Wii-controllers and mobile phones already allow a user to interface with a computer using orientation and motion. We attempt to take an alternative route by handing the user a predetermined physical object. By analyzing the object with a fixed camera, we allow the user to tilt and rotate the object and translate these movements to an object on the screen. Possible applications we can think of are
artists: connect the physical object to a flexible piece of material and place it in any orientation to translate that orientation directly to a computer. Now you could for example digitally paint the object with one hand while rotating or tilting the object with the other
gaming: although line of vision is a requirement, four people could sit on a couch holding one object each and play a game on the tv. Simple gestures could be implemented to serve as function keys (i.e., buttons)

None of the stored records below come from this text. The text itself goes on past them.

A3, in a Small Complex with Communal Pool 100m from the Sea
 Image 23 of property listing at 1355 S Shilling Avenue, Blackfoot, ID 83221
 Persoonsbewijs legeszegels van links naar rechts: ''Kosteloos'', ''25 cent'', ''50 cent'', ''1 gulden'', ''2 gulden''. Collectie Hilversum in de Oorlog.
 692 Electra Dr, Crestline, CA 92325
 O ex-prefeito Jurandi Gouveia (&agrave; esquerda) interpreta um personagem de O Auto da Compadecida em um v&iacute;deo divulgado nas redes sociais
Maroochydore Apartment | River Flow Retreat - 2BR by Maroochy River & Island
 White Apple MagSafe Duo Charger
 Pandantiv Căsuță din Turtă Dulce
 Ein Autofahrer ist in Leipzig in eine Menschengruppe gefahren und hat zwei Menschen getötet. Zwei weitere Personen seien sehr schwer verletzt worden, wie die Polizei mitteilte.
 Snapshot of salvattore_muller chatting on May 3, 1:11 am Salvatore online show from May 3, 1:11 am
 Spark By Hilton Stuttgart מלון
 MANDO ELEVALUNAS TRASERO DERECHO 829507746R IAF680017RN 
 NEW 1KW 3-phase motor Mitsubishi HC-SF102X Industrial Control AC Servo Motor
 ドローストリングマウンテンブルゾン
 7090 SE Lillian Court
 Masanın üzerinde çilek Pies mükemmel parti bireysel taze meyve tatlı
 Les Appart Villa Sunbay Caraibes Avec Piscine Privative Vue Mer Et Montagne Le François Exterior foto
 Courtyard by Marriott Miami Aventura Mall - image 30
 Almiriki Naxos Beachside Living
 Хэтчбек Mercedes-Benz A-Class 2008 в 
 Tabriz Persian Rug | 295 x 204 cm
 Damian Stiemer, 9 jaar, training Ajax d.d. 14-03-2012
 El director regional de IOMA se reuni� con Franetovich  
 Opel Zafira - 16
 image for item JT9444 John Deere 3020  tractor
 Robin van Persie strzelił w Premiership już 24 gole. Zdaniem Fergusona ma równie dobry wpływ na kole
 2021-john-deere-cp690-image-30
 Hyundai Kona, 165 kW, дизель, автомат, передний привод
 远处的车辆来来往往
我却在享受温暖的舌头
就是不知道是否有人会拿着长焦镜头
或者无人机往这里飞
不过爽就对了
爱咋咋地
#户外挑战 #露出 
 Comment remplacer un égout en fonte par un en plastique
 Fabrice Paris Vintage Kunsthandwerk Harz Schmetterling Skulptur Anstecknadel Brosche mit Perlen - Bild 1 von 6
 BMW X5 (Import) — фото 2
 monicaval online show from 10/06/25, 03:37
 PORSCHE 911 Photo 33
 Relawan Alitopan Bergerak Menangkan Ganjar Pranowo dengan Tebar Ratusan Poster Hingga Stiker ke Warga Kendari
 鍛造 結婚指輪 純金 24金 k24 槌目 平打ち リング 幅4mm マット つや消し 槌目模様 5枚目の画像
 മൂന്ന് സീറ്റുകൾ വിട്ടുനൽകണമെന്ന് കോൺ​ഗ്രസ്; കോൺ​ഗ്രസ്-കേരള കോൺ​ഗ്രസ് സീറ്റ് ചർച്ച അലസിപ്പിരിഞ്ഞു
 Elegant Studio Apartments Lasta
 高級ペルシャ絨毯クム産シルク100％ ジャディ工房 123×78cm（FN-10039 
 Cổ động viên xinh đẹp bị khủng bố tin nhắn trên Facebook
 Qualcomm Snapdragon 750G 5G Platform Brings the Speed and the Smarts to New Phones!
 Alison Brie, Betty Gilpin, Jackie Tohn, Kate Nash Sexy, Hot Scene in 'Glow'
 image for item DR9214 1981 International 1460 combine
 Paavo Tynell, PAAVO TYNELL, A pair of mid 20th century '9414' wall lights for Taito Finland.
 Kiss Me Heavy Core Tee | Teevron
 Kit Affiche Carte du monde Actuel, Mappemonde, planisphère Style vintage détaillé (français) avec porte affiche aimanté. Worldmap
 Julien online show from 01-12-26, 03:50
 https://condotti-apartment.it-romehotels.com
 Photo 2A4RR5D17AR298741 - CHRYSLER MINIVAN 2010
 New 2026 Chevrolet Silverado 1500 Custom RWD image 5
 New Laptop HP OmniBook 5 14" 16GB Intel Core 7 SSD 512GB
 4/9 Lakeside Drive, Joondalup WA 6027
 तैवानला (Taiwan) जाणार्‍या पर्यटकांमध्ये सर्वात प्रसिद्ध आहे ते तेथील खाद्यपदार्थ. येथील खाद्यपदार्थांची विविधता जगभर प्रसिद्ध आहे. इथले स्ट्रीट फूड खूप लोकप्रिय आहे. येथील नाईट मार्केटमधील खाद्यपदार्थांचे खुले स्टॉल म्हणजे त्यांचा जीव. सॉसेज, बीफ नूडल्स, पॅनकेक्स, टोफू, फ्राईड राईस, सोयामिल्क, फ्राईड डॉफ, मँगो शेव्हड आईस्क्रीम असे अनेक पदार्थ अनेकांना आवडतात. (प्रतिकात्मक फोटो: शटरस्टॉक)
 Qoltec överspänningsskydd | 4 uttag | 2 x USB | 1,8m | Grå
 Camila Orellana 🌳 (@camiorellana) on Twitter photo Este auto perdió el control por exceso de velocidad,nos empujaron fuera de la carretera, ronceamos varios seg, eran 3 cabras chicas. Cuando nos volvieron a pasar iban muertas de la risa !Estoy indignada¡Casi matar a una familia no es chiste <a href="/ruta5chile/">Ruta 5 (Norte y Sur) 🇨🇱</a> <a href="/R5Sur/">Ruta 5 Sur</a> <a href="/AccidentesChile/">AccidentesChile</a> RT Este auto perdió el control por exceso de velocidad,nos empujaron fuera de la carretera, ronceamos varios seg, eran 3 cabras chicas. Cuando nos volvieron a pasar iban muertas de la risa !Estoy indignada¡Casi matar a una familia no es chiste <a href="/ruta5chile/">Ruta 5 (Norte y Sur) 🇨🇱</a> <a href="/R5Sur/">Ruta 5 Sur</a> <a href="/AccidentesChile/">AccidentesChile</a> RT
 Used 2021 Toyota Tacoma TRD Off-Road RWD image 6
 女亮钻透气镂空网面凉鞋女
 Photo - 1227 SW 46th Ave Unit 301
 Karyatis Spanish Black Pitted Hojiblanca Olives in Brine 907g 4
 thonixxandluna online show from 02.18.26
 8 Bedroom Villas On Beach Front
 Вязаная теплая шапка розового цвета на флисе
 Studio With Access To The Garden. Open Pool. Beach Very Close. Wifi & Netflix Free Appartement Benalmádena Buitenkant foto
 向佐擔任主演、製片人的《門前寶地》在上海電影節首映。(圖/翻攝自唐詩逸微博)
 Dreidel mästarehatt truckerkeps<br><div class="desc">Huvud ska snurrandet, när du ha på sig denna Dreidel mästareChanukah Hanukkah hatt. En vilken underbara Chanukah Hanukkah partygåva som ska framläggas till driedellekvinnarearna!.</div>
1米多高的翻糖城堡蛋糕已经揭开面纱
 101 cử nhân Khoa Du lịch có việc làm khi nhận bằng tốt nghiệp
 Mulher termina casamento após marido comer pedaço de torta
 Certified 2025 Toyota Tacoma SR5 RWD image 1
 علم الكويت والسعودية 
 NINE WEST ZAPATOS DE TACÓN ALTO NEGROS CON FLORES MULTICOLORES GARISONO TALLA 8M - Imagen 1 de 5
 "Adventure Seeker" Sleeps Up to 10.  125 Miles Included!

The way in which this project differs most is in not using a device with a set of gyroscopes as our physical object (i.e., some kind of Wii controller).
Project setup
A laptop, a 720p HD camera and a unilateral tetrahedron consisting of four colored spheres on each of the corners. We used wooden sticks, styrofoam spheres, some glue and four colored markers for the tetrahedron. Proper lighting is required, preferably daylight by placing the camera near a window pointing away from the window.
We used the Processing toolkit along with the JMyron and OBJLoader plugins for Processing. Although we do not use the JMyron detection features, we do use its core image processing structure for accessing the camera pixel data efficiently. The OBJLoader plugin is used to load a 3D model that is displayed in a OpenGL window.
We start the application, allow it to capture a few frames for the initial background model and introduce the physical object after this is completed. The object on the screen is rotated and/or tilted whenever the camera detects all four colored corners of the physical object.
Image detection
We implemented a statistical background detection algorithm to separate foreground and background pixels. The foreground pixels that remain are then classified:
human skintone (to prevent our hand being detected as the magenta colored sphere)
shadow pixels (to increase performance by eliminating inadmissible pixels early on)
one of the four sphere colors (determined by four ranges of a hue values)
For each of the four sphere colors, clusters of pixels that are too small, too large or too sparse are eliminated. We then pick the largest remaining blobs per color. If we found a blob of each color, we designate the center coordinates of each blob/sphere as one of the four tethrahedron corners and send the coordinates to the display process (which will use a simple averaging mechanism to remove jitter and erratic motion).
The yellow sphere is used for tilt (top of the tetrahedron), the other three spheres represent the base of the tetrahedron and are used for rotation. The clockwise orientation of the three base spheres tell us whether the yellow sphere is "in front" or "behind" the base plane (relative to the camera). By using known properties of unilateral tetrahedra, we convert these 2D coordinates to 3D and subsequently calculate the resulting 3D orientation of the object on the screen.
Performance, accuracy and usability
We used a cheap camera, an asus eee 901 laptop, a non-accurate tetrahedron and styrofoam spheres colored non-uniformly with a marker. Proper lighting conditions resulted in decent accuracy, tweaking the parameters was needed when using artifical lighting. The detection framerate was about 6-10 frames per second at 640x480, which we found was small enough to keep things "interactive".
Demo
The demo is split into two parts due to technical issues displaying both visual feeds at the same time. The second demo was recorded shortly after the first demo, using the same setup and settings.
Demo 1:
This shows the detection part. At the start, only the detected sphere pixels are shown. After a while, all the foreground pixels are shown (including shadow pixels). Shortly after, some lighting condition changes, causing alot of background pixels to be detected as shadow pixels.
Demo 2:
This shows the 3D object that rotates and tilts based on detected sphere coordinates. Note that the movements are not based on the first demo; this is a second recording.